The three people jury have struggled with over three hundred entries in different categories. Agreed, disagreed, fought for, and at the end selected a winner, best of show, that reflected or suggested the generational change in the world of architectural delineation.
In a way, as a jury we have delineated the state of affairs in architectural visualization, and/or, depiction.
The process of arriving the building, urban design, conceptualization was the focus of this year's winner.
Perhaps for the first time in the competition's thirty year history, we have maneged to select a winner that was more of a diagrammatic depiction of an idea rather than a depiction of a building in 1:1 imaging we see in front of construction sites or in newspapers titled "artist's drawing of the development," etc...
Sure, there were also winners and citations and traditional renderings at the end.
But make no mistake, the winner was clearly reflected a thought process rather than picturing a finished building, a building-morte as in nature-morte, still life...
It was rather a speck of time started from nowhere, made its mark and just like it was conceived, disappeared.
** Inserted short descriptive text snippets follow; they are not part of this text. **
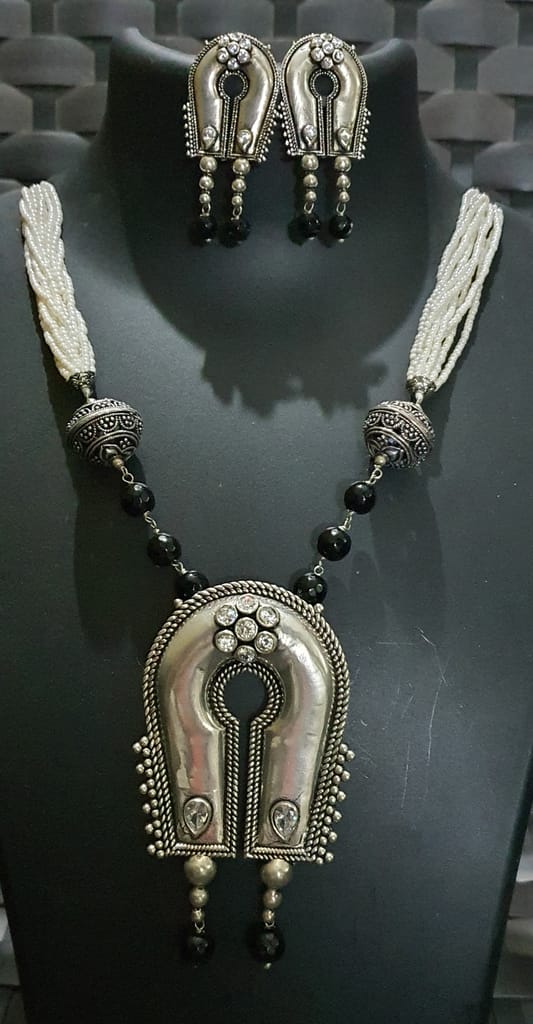 Glamvila Designer Jewellery Set - Jewellery Sets | Buy online on ZillyBuy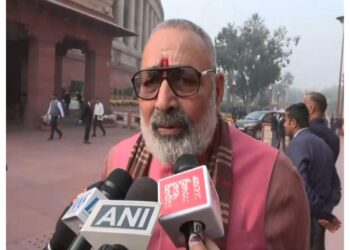 Giriraj Singh defends Bihar CM over hijab controversy, says "she did nothing wrong."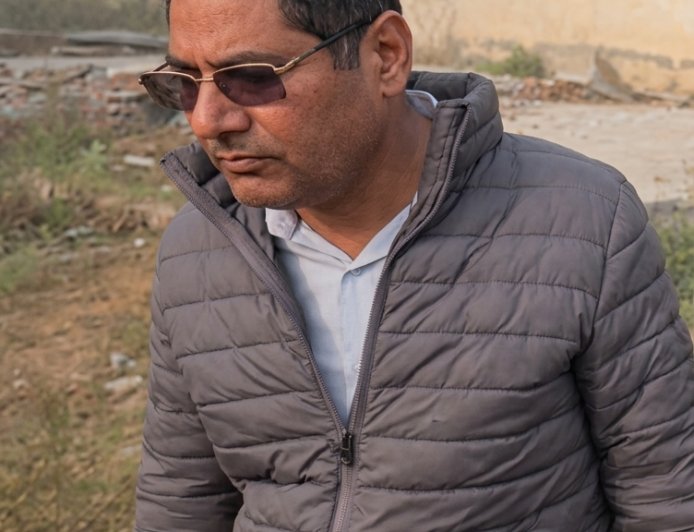 अवैध निर्माण स्वामियों से सांठगांठ के आरोप में जेई बदन सिंह प्रवर्तन से हटाए गए, कार्यालय से संबद्ध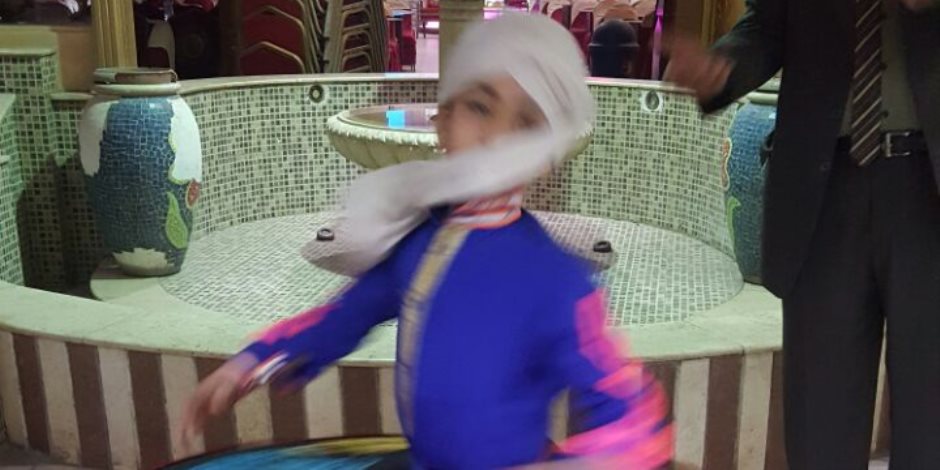 «فراشة التنورة» تبهر الناظرين.. محمد طفل السابعة المبدع في الرقص (فيديو وصور)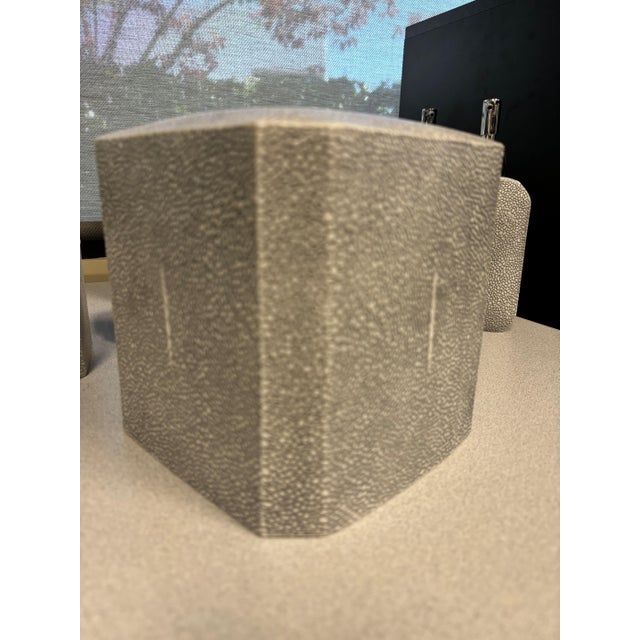 Kassatex "Shagreen" Bath Accessory Boutique Tissue Cover by Kassatex For Sale - Image 4 of 9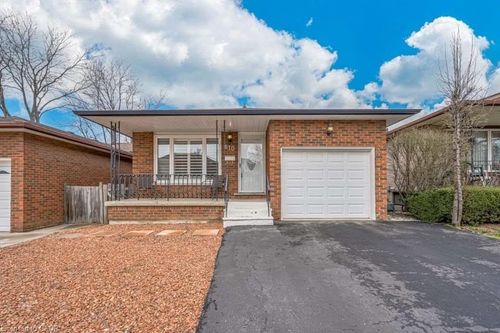 610 Stone Church Rd W, Hamilton, ON, L9B1A7 | Card Image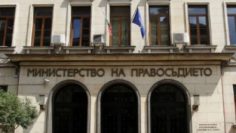 0262659001491493111_731550_395x301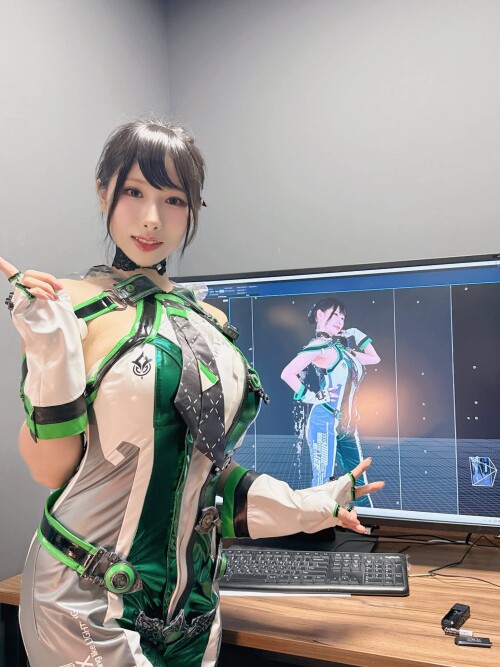 10000252273bb0e47b4910a346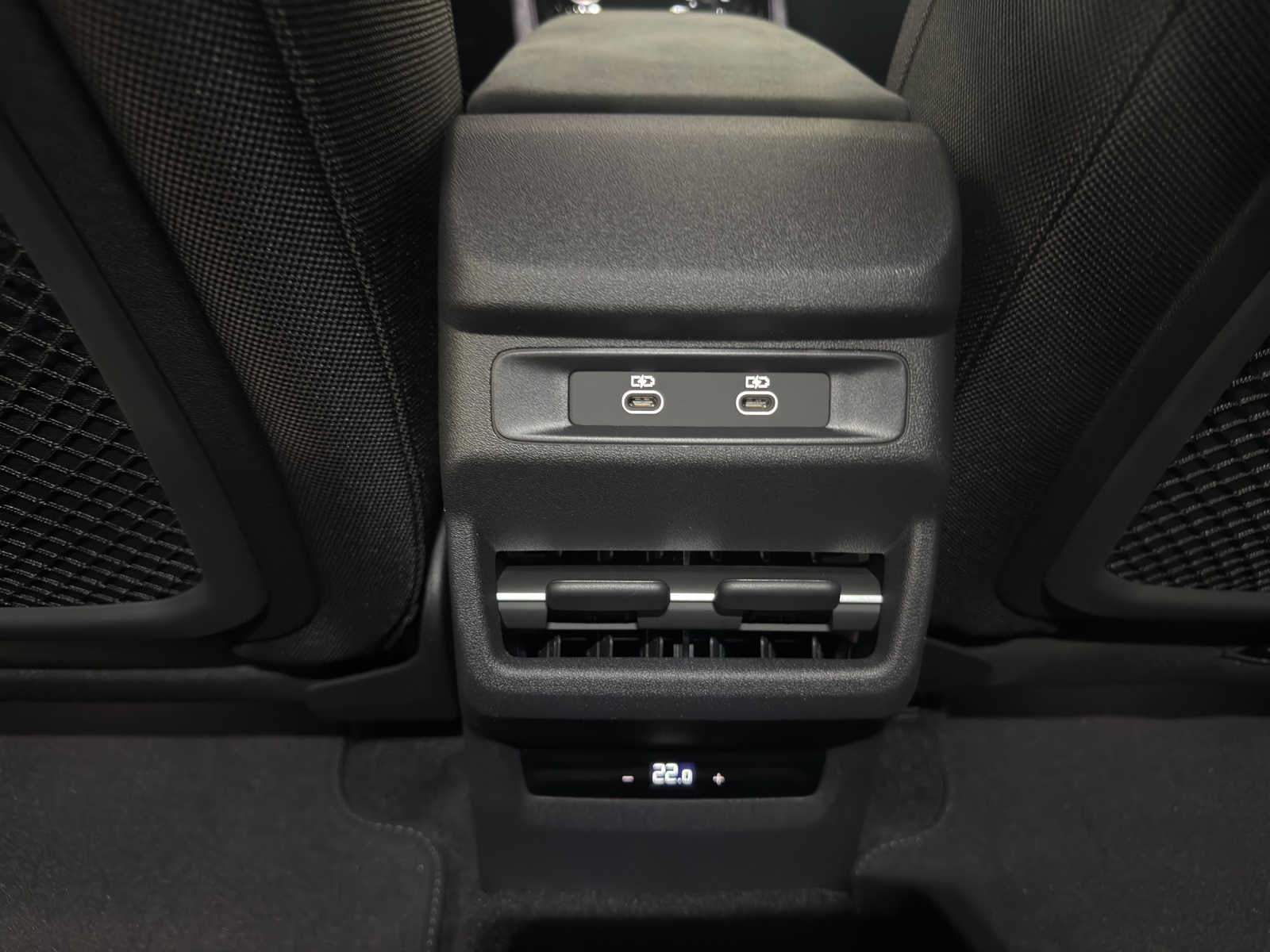 AUDI Q3 SUV TFSI quattro 195 kW S tronic-image-16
A rendering that captured the 4Th. dimension, a rendering suggesting things had to go beyond the modern 3D echole. This made the drawing a lot more interesting.
J. Arthur Liu, FXFOWLE, PROFESSIONAL, DIGITAL/MIXED
On the other hand, one entry clearly caught my attention, reminding me my own background and familiarity of miniature style of drawing that predated the western perspective that was put in action by Filippo Brunelleschi in 15 Th century.
It was drawn in familiar Eastern miniature style, combining plan, elevation and distance in 2D, letting mind to construct the volume, exploiting the information that can be shown in a drawing. A map, a mood, and design information all in one, a pure utility if you will, which I thought can be investigated further by the contemporary practitioners.
Dawn Carlton, MONTANA STATE UNIVERSITY, STUDENT, HAND
Another jury selected a beautifully executed watercolor painting of a church and with that we were reminded that no matter how the processes change there is always the human eye, which triggers the desire of beauty we fall back to...
Richie Gelles, RICE UNIVERSITY, STUDENT, DIGITAL/MIXED
There was yet another jurist selection which was depicted on an x-ray film of a hand. I thought ultimately suggesting biological surface of our imagination, a forensic depth of things at play in the process.